There were no significant differences between hyperthyroid and euthyroid patients at baseline. There were no significant differences in NYHA functional class or exercise tolerance (as measured by the 6-minute walk test) between either hypothyroid or hyperthyroid and euthyroid groups.
Randomized therapy and the development of abnormal thyroid function
Among patients with baseline euthyroid function, 40.9% of those randomized to amiodarone developed new-onset abnormal (hyperthyroid or hypothyroid) thyroid function during follow-up, compared with 13.8% of placebo patients and 12.3% of ICD patients (Table 2). Patients in the amiodarone arm had a significantly greater risk for new-onset abnormal thyroid function than patients in the placebo arm (HR: 3.65; 95% CI: 2.88 to 4.63; p < 0.0001) or ICD arm (HR: 4.18; 95% CI: 3.24 to 5.39; p < 0.0001) (Table 2). However, among all patients who were taking amiodarone, higher amiodarone dose (total daily or weight adjusted daily) did not convey additional risk (p = NS for all) for the development of abnormal thyroid function compared with lower doses. Over the course of the trial, the percent of patients on TRT increased from 6.8% at baseline to 16.1% reported at any time. Patients randomized to amiodarone had a higher rate of new TRT during follow-up (19.7%) than patients on placebo (4.8%) or with ICDs (5.7%) (p < 0.0001).
Table 2
Table 2
Randomized Therapy and Development of Abnormal Thyroid Function
EF and thyroid status
Mean baseline EF was similar across thyroid groups at baseline (Table 1). Repeat EF assessments at 12 and 30 months revealed an increase in the mean EF (31.1 ± 11.9% and 33.0 ± 12.9%, respectively), but there were no differences between hypothyroid or hyperthyroid and euthyroid patients in the change in EF from baseline to either time point (all p > 0.10).

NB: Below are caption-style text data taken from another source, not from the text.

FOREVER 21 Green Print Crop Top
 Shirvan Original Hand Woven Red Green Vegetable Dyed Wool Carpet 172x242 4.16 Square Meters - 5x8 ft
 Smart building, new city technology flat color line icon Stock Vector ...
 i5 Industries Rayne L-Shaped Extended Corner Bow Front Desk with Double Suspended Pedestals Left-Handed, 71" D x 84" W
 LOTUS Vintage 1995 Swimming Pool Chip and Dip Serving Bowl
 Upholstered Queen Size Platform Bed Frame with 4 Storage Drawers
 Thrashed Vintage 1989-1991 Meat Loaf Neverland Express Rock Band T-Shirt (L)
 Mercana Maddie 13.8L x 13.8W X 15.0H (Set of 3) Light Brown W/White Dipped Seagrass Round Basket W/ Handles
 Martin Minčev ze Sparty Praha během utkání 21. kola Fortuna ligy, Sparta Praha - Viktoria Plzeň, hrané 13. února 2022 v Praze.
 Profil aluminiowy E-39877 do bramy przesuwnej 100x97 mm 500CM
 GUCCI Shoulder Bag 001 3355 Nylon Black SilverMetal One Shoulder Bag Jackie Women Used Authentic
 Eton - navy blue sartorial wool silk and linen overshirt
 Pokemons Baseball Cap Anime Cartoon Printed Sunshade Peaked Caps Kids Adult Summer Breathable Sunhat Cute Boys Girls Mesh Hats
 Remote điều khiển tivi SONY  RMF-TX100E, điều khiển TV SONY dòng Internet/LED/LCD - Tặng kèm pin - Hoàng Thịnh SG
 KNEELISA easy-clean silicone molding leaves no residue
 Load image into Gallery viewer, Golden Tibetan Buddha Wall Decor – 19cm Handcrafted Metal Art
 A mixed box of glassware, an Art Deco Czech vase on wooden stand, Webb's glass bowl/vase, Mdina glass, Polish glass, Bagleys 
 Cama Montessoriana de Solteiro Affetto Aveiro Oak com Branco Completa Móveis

Thyroid status and outcomes
Abnormal thyroid status was associated with increased risk of mortality, even after controlling for known mortality predictors. Hypothyroid and hyperthyroid status were associated with 58% and 85% increases, respectively, in the relative risk for death compared with euthyroid patients (HR: 1.58; 95% CI: 1.29 to 1.94; p < 0.0001 for hypothyroid vs. euthyroid; HR: 1.85; 95% CI: 1.21 to 2.83; p = 0.0048 for hyperthyroid vs. euthyroid). The association of hypothyroidism with mortality risk did not differ for patients on TRT compared with those who were untreated (p 0.38).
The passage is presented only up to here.